Doing so would prevent young attorneys from getting experience and training at Kane's expense, then jumping to those other counties for better pay (and often, lighter caseloads), he said at his monthly news conference Tuesday. He made the same argument when presenting his 2012 budget to the county board committee of the whole July 26.
Kane has 58 assistant state's attorneys. The starting pay is $40,000 per year. McMahon proposes raising that to $53,000.
His salary study shows that assistant state's attorneys in McHenry, DuPage, Lake and Will counties make from $51,626 (McHenry) to $54,150 (DuPage). A beginning federal attorney with no experience starts at $50,287, and a beginning attorney with the state attorney general makes $53,000.
Those who take jobs elsewhere are often handling less-serious cases for more money, he said.
The assistant state's attorneys typically start out prosecuting cases in the traffic division, then move on to misdemeanors, juvenile delinquencies and then felonies. McMahon said that the more experienced an attorney is, the better they are at evaluating and preparing cases and conducting plea negotiations. Having stronger cases gives defendants more incentive to enter pleas, he said, and should cut down on jail stays, saving money that way, he said.
"I want the best and the brightest to work here in Kane County," McMahon said.
Giving the raises would factor in to a 16.1 percent increase in the budget's line item for salaries and wages. But that line item also covers salaries for other office personnel.

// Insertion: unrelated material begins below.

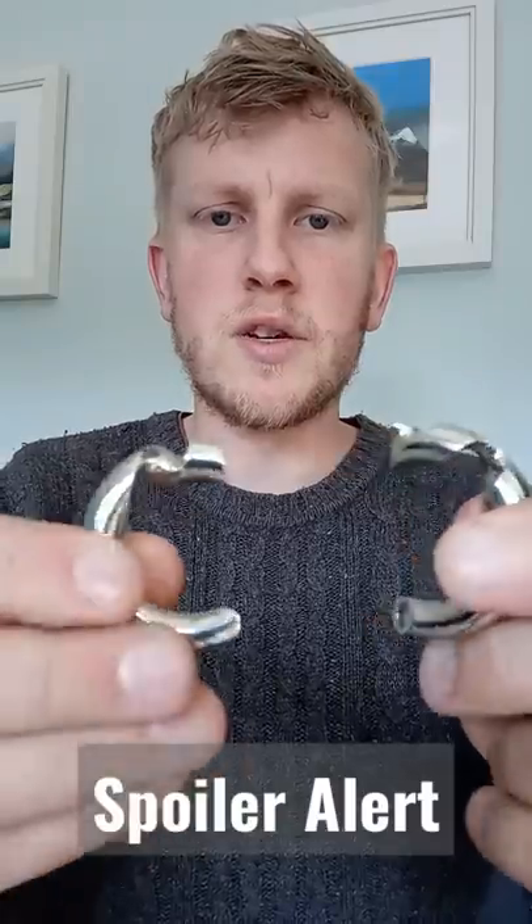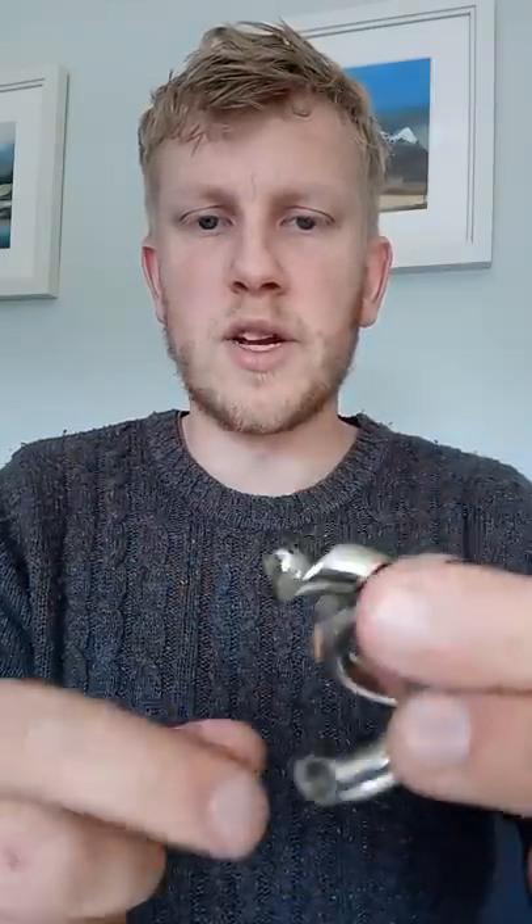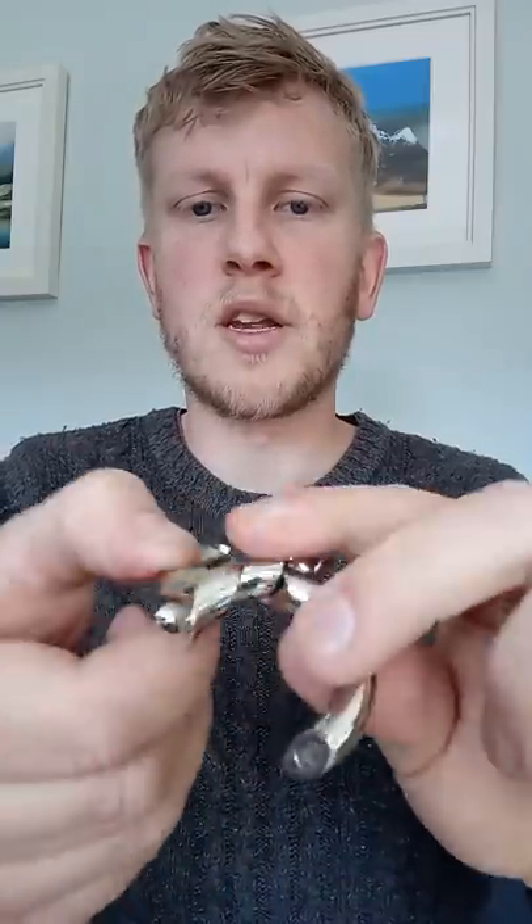The solution for this is super simple but really satisfying. Once you've found it, it's really hard not to play with it over and over again. You connect the pieces up like this and it's a simple movement over the top, and that's it.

"We're aware these are very difficult economic times," McMahon said.
At last week's budget presentation, county board member Jim Mitchell suggested phasing raises in over three years. McMahon said he is willing to do that, although he suspects that won't initially slow down the loss of attorneys. And the current county board cannot bind a future county board to such a plan, he said.
At that same meeting, Public Defender Kelli Childress also asked for pay raises for her starting attorneys, who make a little more than $38,000 a year. She, too, said Kane paid the lowest wage around.